Every now and then, you might need to demonstrate your Keras model structure. There’s one or two things that you may do when this need arises. First, you may send the person who needs this overview your code, requiring them to derive the model architecture themselves. If you’re nicer, you send them a model of your architecture.

…but creating such models is often a hassle when you have to do it manually. Solutions like www.draw.io are used quite often in those cases, because they are (relatively) quick and dirty, allowing you to create models fast.

However, there’s a better solution: the built-in plot_model facility within Keras. It allows you to create a visualization of your model architecture. In this blog, I’ll show you how to create such a visualization.

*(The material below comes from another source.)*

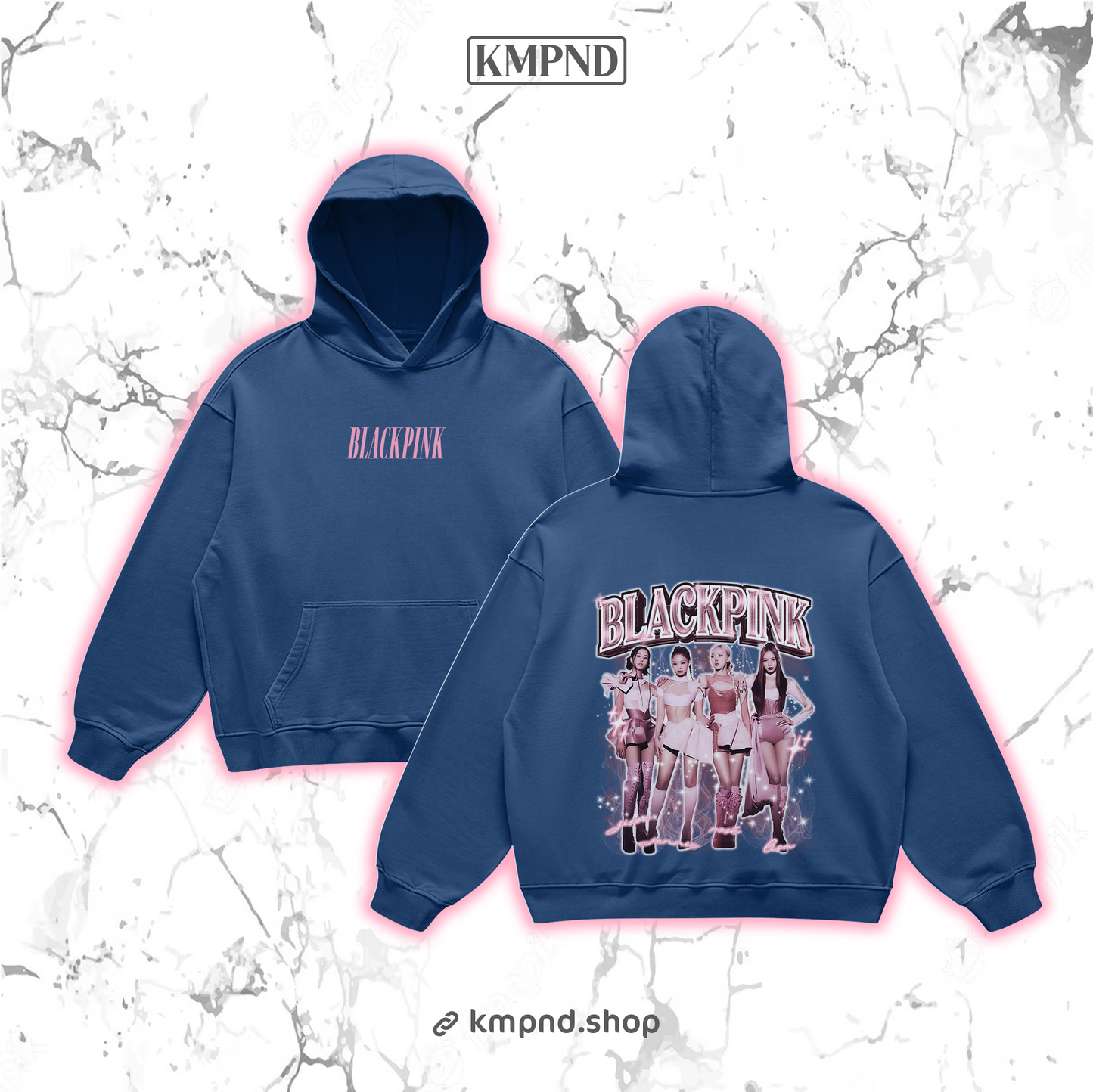 "BORN P" Retro Hoodie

Specifically, I focus on the model itself, discussing its architecture so that you fully understand what happens. Subsquently, I’ll list some software dependencies that you’ll need – including a highlight about a bug in Keras that results in a weird error related to pydot and GraphViz, which are used for visualization. Finally, I present you the code used for visualization and the end result.

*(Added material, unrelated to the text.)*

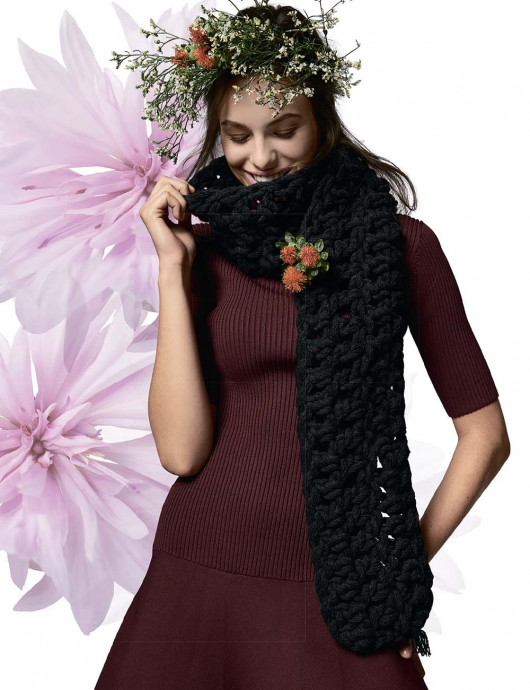 Complete Guide to Creating a Crochet Pattern with Mélange Black Yarn Complete Guide to Creating a Crochet Pattern with Mélange Black Yarn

Note that model code is also available on GitHub.

Today’s to-be-visualized model

To show you how to visualize a Keras model, I think it’s best if we discussed one first.

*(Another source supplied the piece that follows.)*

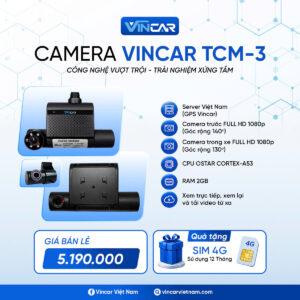 CAMERA GIÁM SÁT HÀNH TRÌNH VINCAR TCM-3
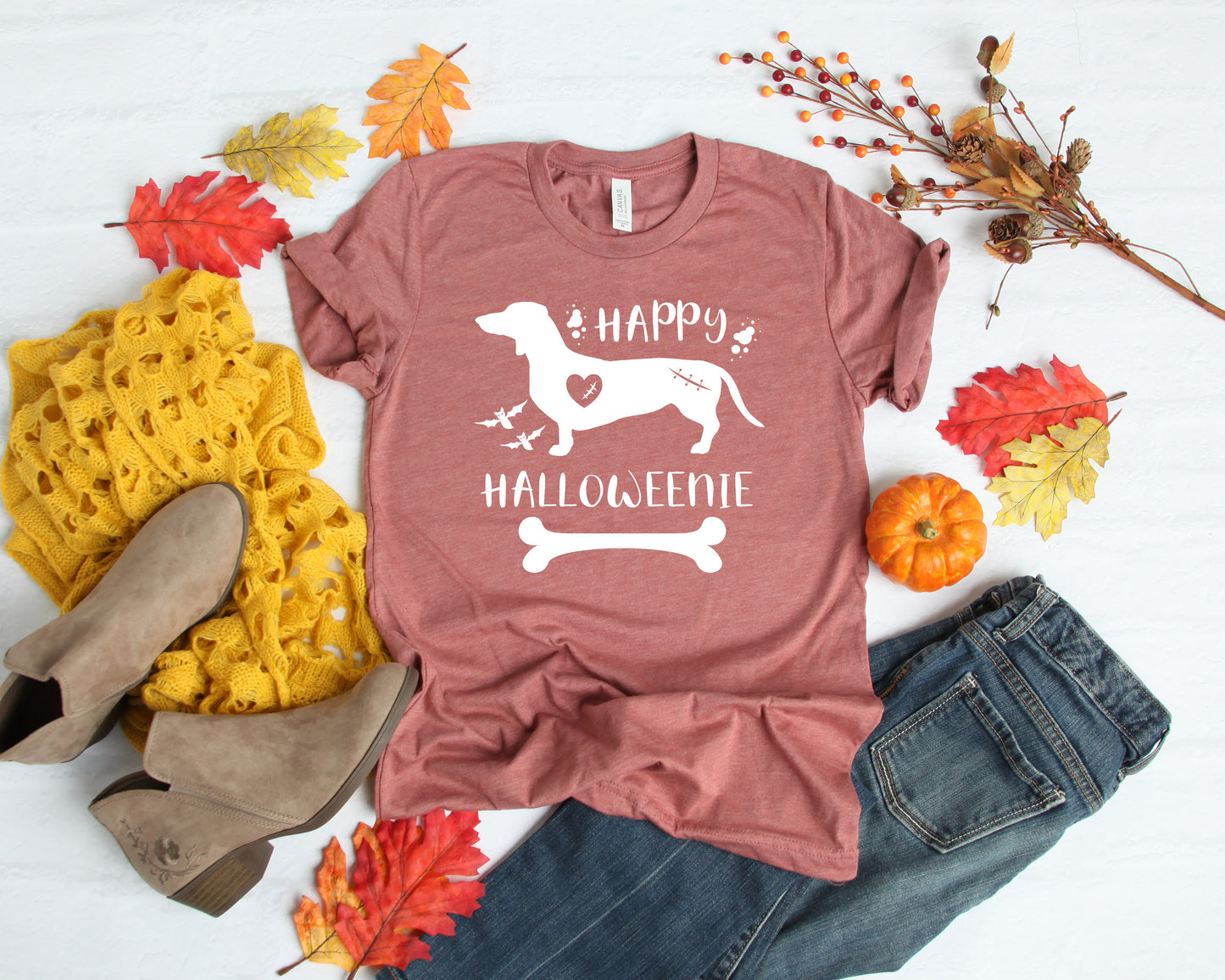 Happy Halloweenie Dachshund Lover Halloween Shirt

Today, we will visualize the Convolutional Neural Network that we created earlier to demonstrate the benefits of using CNNs over densely-connected ones.

This is the code of that model:

import keras
from keras.datasets import mnist
from keras.models import Sequential
from keras.layers import Dense, Dropout, Flatten
from keras.layers import Conv2D, MaxPooling2D
from keras import backend as K

# Model configuration
img_width, img_height = 28, 28
batch_size = 250
no_epochs = 25
no_classes = 10
validation_split = 0.2
verbosity = 1

# Load MNIST dataset
(input_train, target_train), (input_test, target_test) = mnist.load_data()

# Reshape data based on channels first / channels last strategy.
# This is dependent on whether you use TF, Theano or CNTK as backend.
# Source: https://github.com/keras-team/keras/blob/master/examples/mnist_cnn.py
if K.image_data_format() == 'channels_first':
    input_train = input_train.reshape(input_train.shape[0], 1, img_width, img_height)
    input_test = input_test.reshape(input_test.shape[0], 1, img_width, img_height)
    input_shape = (1, img_width, img_height)
else:
    input_train = input_train.reshape(input_train.shape[0], img_width, img_height, 1)
    input_test = input_test.reshape(input_test.shape[0], img_width, img_height, 1)
    input_shape = (img_width, img_height, 1)

# Parse numbers as floats
input_train = input_train.astype('float32')
input_test = input_test.astype('float32')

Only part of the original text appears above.